Many thanks for all of the interesting responses to my question, which Curt kindly posted for me. Here are some comments:

– I have evaluated different OLAP technologies that each support MDX. Using the same set of MDX queries on the same dataset loaded into the different OLAP systems seemed like a reasonable to way compare performance. It also means that MOLAP and ROLAP systems can be compared side by side. So Chris is correct in his statement that I am evaluating the performance of the OLAP technology, rather than the performance of MDX itself — a TPC benchmark for OLAP is a good way to describe it.

– John suggests trying Gemini or QlikView. I have tried QlikView on the 32 GB RAM 64-bit system with the 100 million row dataset mentioned above. It ran out of memory trying to load this dataset.

– Chris states “with those data volumes and that hardware then I would be very confident that for a properly designed and tuned cube you’d get query times of a few seconds or less for most reasonable queries.”. Does design and tuning of the cube, include the pre-calculation of aggregate tables (or some pre-loading of a cache)? Can I expect a response in the order of seconds for queries that the cube has not been prepared with (on the hardware mentioned)? One example of a query I have run is a simple crossjoin between two dimensions (50 members, 1000 members), selecting one measure, thus returning 50,000 cells. Is this a reasonable query for performance assessment?

Thanks again for all of your insight.

By: Jerome Pineau

Jerome Pineau — Sun, 01 Nov 2009 09:43:00 +0000

Thanks for the insight Chris. I think you’re obviously also right in your last sentence – hands down.
J.

By: Chris Webb

Chris Webb — Sat, 31 Oct 2009 21:00:36 +0000

Actually, rereading the question I think it actually makes more sense than the comments here (including mine) suggest. The questioner here is interested in “assessing the performance of an OLAP technology using a set of MDX queries”; I’m not sure they are confusing the query language with the underlying database technology at all.

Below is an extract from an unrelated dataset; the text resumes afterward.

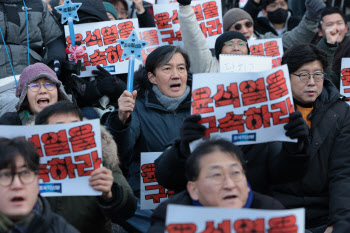 "하나만 부탁하고 물러가겠다"...국회 밖에서 '응원봉' 든 조국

What they seem to want is something like a TPC benchmark for OLAP: a dataset that can be loaded onto multiple OLAP platforms, and a set of MDX queries that can be run against that dataset on each platform so their performance can be compared directly. This seems like a reasonable requirement to me, but as I said in my original comment I don’t know of any such benchmarks.

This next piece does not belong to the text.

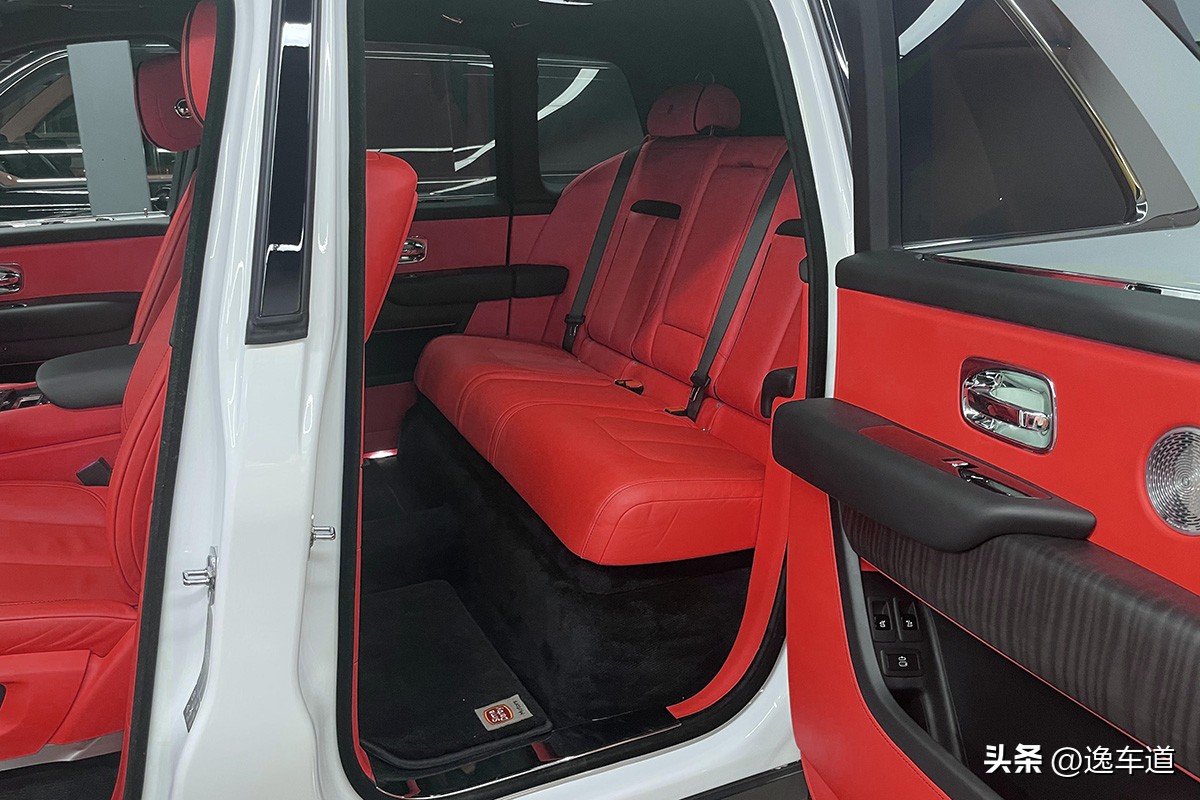 近600万的二手车你见过吗？这台劳斯莱斯库里南是不是你的菜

Jerome, to pick up on some of your questions:
– No, MDX isn’t always always converted to SQL. In a pure MOLAP scenario (like Microsoft Analysis Services in MOLAP mode) nothing gets converted to SQL. Even in ROLAP scenarios, while SQL queries are issued to get the raw data needed for an MDX query, it’s still likely that there’ll be a lot of calculation and processing that will happen inside the OLAP engine afterwards.
– MDX is widely used in the Microsoft BI world, but given the number of other platforms that support it I am a bit mystified why you don’t hear so much about it in the wider world…
– …and this is probably because, as Jerome says, there is a steep learning curve. In fact for anyone that’s spent a lot of time thinking in SQL it can be particularly confusing. Which is a shame because I truly, honestly believe that MDX is an immensely powerful language and much better suited for expressing BI queries and calculations than SQL.